Content starts

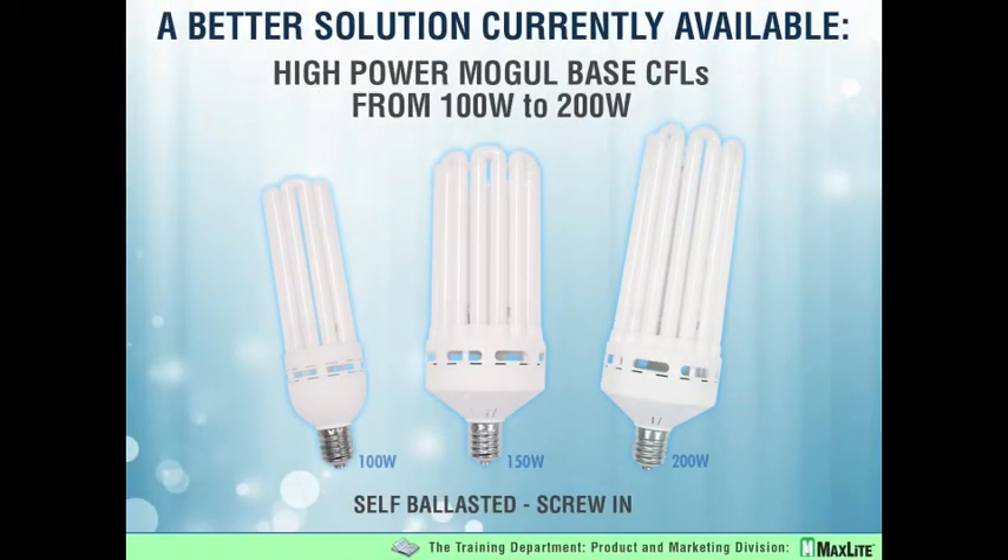This technology is known as high power mogul based CFLs. For those not familiar, they have been on the market for about seven years. We are one of the innovators, one of the first to bring them into the country. I will speak very frankly that early on we made a lot of mistakes. As a product designer, the approach early on was very wrong — we said we can make a 20-watt CFL, just multiply all the component values by 10 and we'll have a 200-watt CFL. Not so simple. The heat is not linear like that. But we are very proud to say we have had a problem-free run of high power mogul based CFLs for years now, and we've done great market penetration and want to share our successes with you.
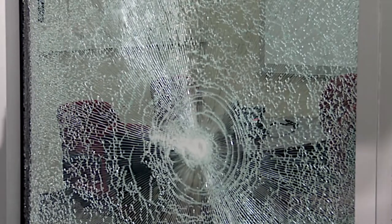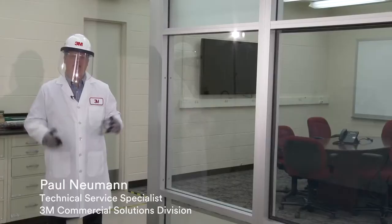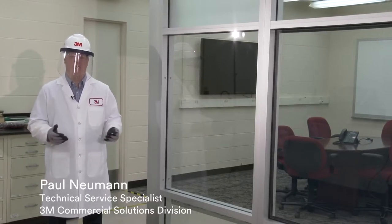The 3M safety and security films are used to help fortify glass against intrusion protection, break and entry, bomb blasts, as well as natural disasters. On our demonstration wall, this window does not have security film. It just has tempered glass, which is common in storefronts, office buildings, and schools.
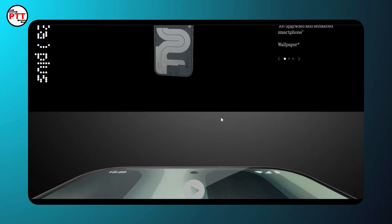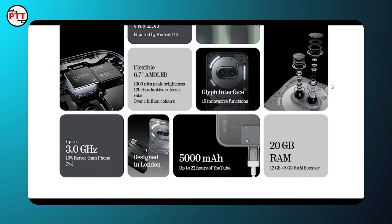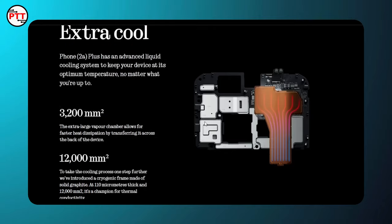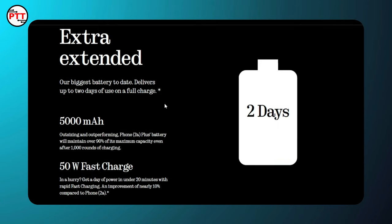The highlights include the Dimensity 7350 Pro 5G processor, clocked at 2.6 GHz. It also features a 50MP main camera, glyph interface, AMOLED display, virtual RAM support, and a cooling system with a 5000mAh battery and 50W fast charging support.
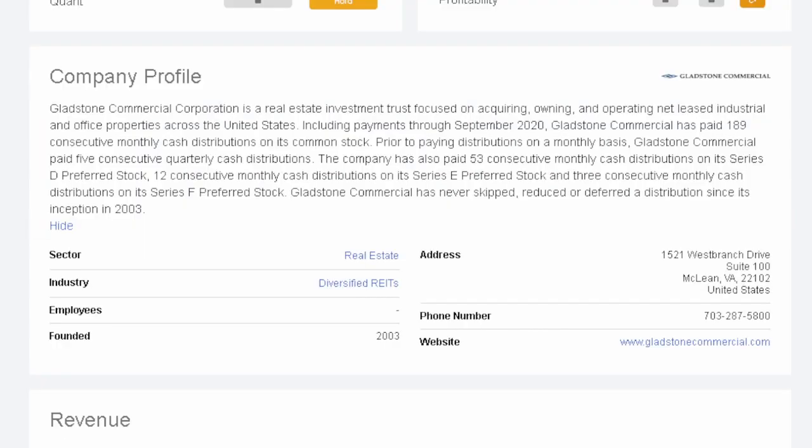Gladstone Commercial Corporation is a real estate investment trust focused on acquiring, owning, and operating net leased industrial and office properties across the United States. Including payments through September 2020, Gladstone Commercial has paid 189 consecutive monthly cash distributions on its common stock. Prior to paying distributions on a monthly basis, they paid five consecutive quarterly cash distributions. The company has also paid 53 consecutive monthly distributions on its Series D preferred stock, 12 on Series E, and three on Series F. Gladstone Commercial has never skipped, reduced, or deferred a distribution since its inception in 2003, and is headquartered in McLean, Virginia.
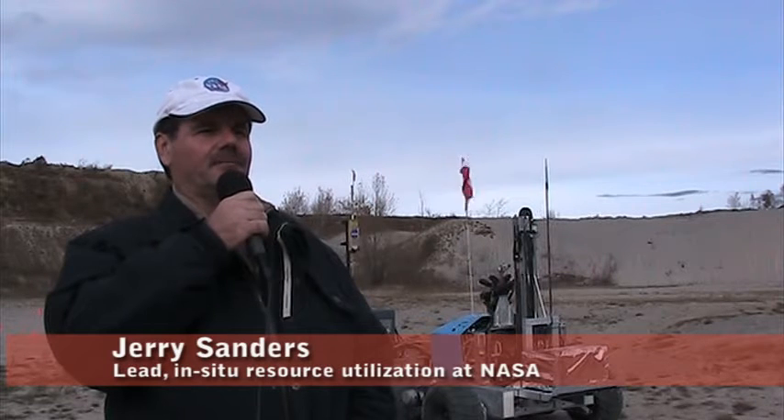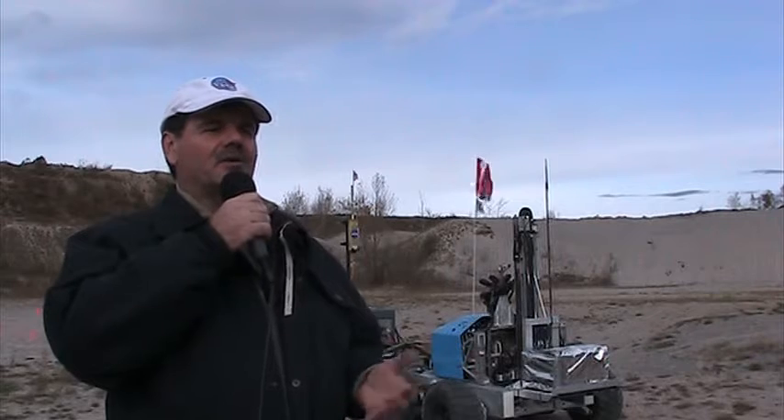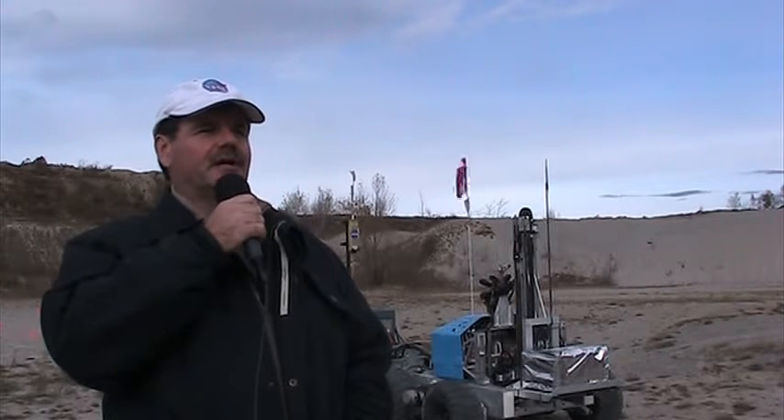Today we're working on preparing for a field test with the Canadian Space Agency and NASA, on hardware that needs to work together — in particular prospecting. How do we look for water and ice and other volatiles on the moon?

Content ends

EXERCISE DIRECTIONS ▸ Transcribe the lines that run from the line bearing "The highlights include" through the last line of the data. Keep the wording exact and leave out every picture.

ANSWER SECTION ▸
The highlights include the Dimensity 7350 Pro 5G processor, clocked at 2.6 GHz. It also features a 50MP main camera, glyph interface, AMOLED display, virtual RAM support, and a cooling system with a 5000mAh battery and 50W fast charging support.
Gladstone Commercial Corporation is a real estate investment trust focused on acquiring, owning, and operating net leased industrial and office properties across the United States. Including payments through September 2020, Gladstone Commercial has paid 189 consecutive monthly cash distributions on its common stock. Prior to paying distributions on a monthly basis, they paid five consecutive quarterly cash distributions. The company has also paid 53 consecutive monthly distributions on its Series D preferred stock, 12 on Series E, and three on Series F. Gladstone Commercial has never skipped, reduced, or deferred a distribution since its inception in 2003, and is headquartered in McLean, Virginia.
Today we're working on preparing for a field test with the Canadian Space Agency and NASA, on hardware that needs to work together — in particular prospecting. How do we look for water and ice and other volatiles on the moon?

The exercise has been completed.